Provided material
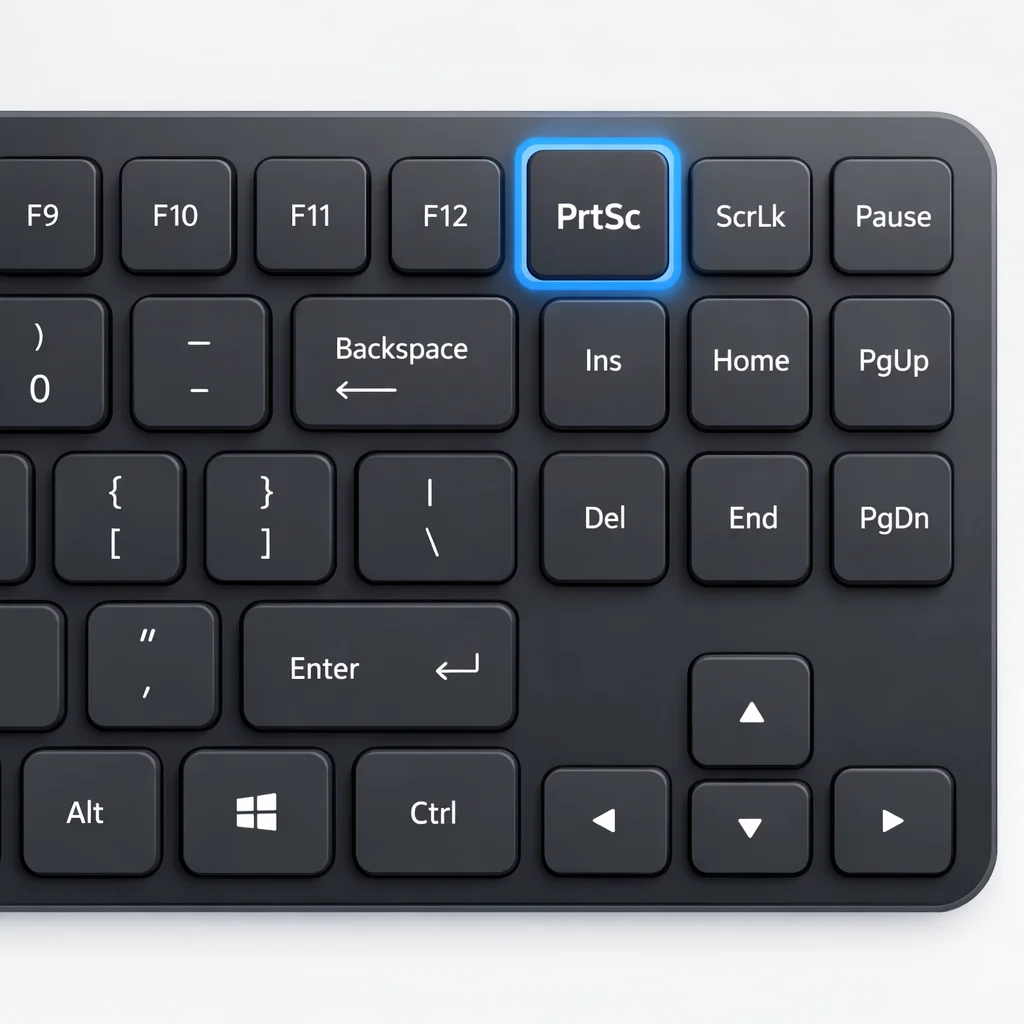 Keyboard highlighting Print Screen key used to take screenshots in Windows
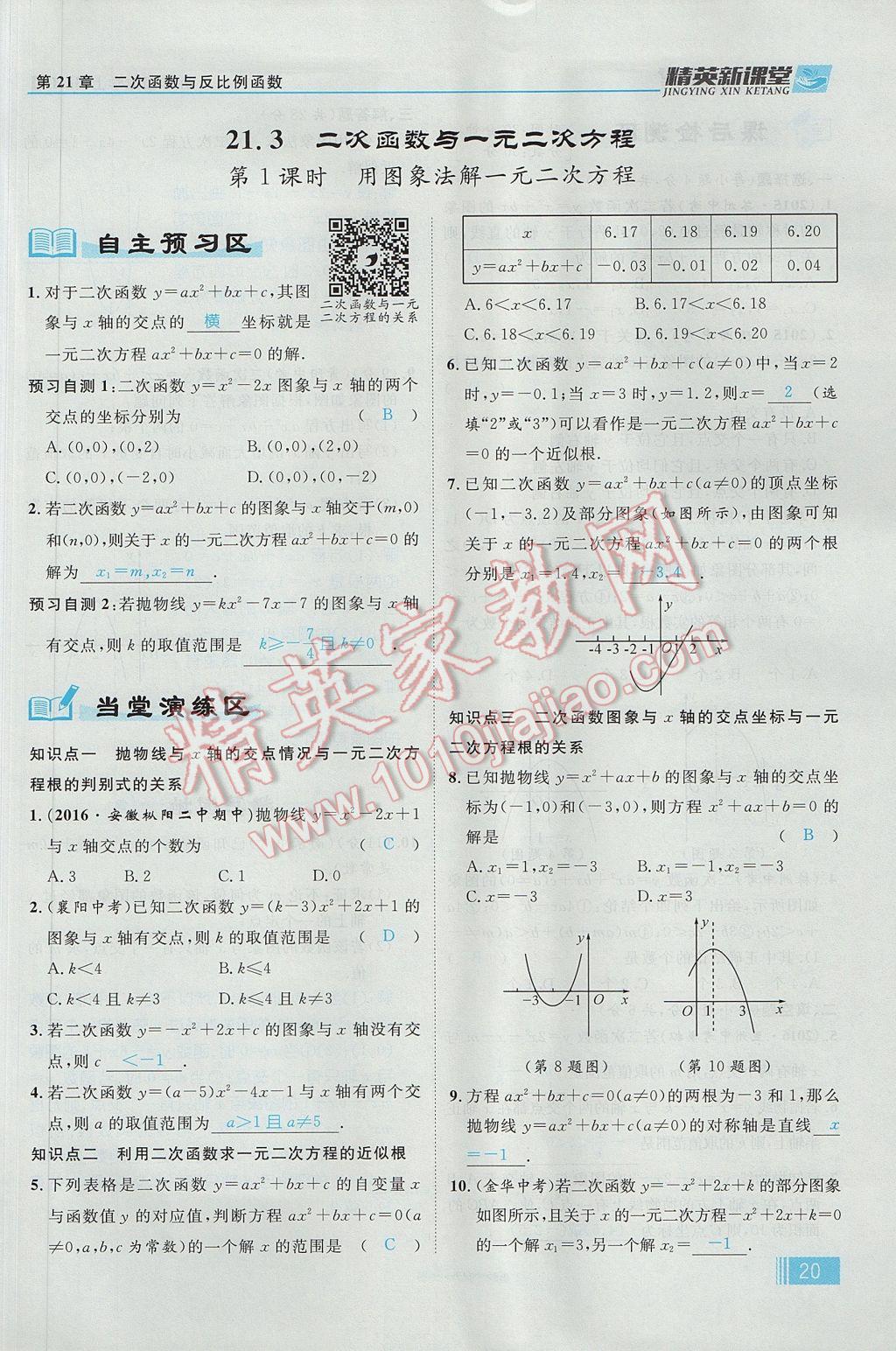 2017年精英新课堂九年级数学上册沪科版 第21章 二次函数与反比例函数第82页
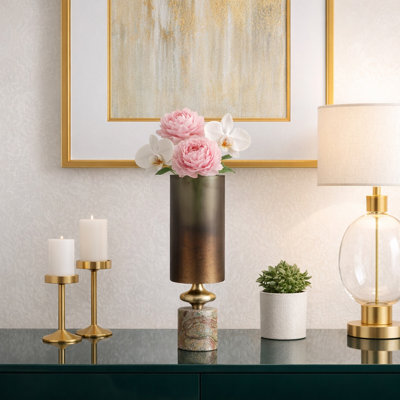 Modern Cylinder Glass Vase with Marble Base & Metal Accent for Home Table Decor - Tall Flower Vase Accent for Living Room Styling - Brown & Gold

What the exercise asks
Every line of the listing above is to be repeated exactly, with its pictures left out.

Response to the exercise
 Keyboard highlighting Print Screen key used to take screenshots in Windows
 2017年精英新课堂九年级数学上册沪科版 第21章 二次函数与反比例函数第82页
 Modern Cylinder Glass Vase with Marble Base & Metal Accent for Home Table Decor - Tall Flower Vase Accent for Living Room Styling - Brown & Gold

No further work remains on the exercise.